Against this backdrop, fears are mounting that the so-called "yen carry trade"—borrowing cheap yen and investing in markets such as the United States—may now be in the process of being unwound.
Dollar at four-month low
According to the Financial Times (FT) and other foreign media, the yen jumped 1.1% against the dollar on the day, soaring to 154 yen per dollar.
The yen’s rally, which began after reports on the 23rd that the Federal Reserve Bank of New York (FRBNY) had issued a strong warning to markets about yen strength through a so-called "rate check," accelerated further.
A rate check is simply when a central bank calls commercial banks to ask for current exchange rates, but it is regarded as a powerful signal that authorities may step into the market at any time to buy or sell foreign currency and steer exchange rates.
Beyond the FRBNY’s rate check, several other factors combined to drive the USD sharply lower.
Concerns about another federal government shutdown were reignited after a hardline operation by U.S. Immigration and Customs Enforcement (ICE) in Minneapolis left two U.S. citizens dead. Geopolitical jitters stemming from the Trump administration’s claim over Greenland’s sovereignty also weighed on the dollar.
First U.S.–Japan joint move in 15 years
The yen’s rise has been gaining speed amid speculation that the United States and Japan may jointly intervene in the foreign exchange market for the first time since the Great East Japan Earthquake in 2011.
Evan Brown, head of multi-asset strategy at UBS Asset Management, said, "The message this time is that the U.S. administration does not want a meaningfully stronger dollar," adding, "If that happens, the message is that they will cap the dollar’s upside and turn it toward a decline."

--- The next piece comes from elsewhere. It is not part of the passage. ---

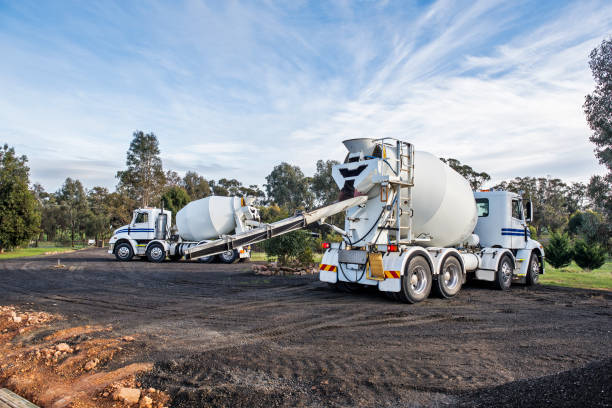 Best Custom Concrete Contractor  in Hernando, MS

Brown added that as institutional investors are expected to step up hedging against dollar volatility, the confirmation of this willingness to intervene in markets is intensifying downward pressure on the USD.
Gold breaks above $5,100
Gold prices jumped more than 2% on the day, surpassing $5,100 per ounce for the first time in history. According to Consumer News and Business Channel (CNBC), spot gold surged 2.4% from the previous session to as high as $5,102 per ounce. It later gave back part of those gains to trade at $5,086 per ounce. February gold futures also climbed 2.2% to $5,089 per ounce.
Silver, often dubbed "the poor man’s gold," also soared, with spot prices jumping 4.9% to $107.9 per ounce. March silver futures skyrocketed 13.5% to $115.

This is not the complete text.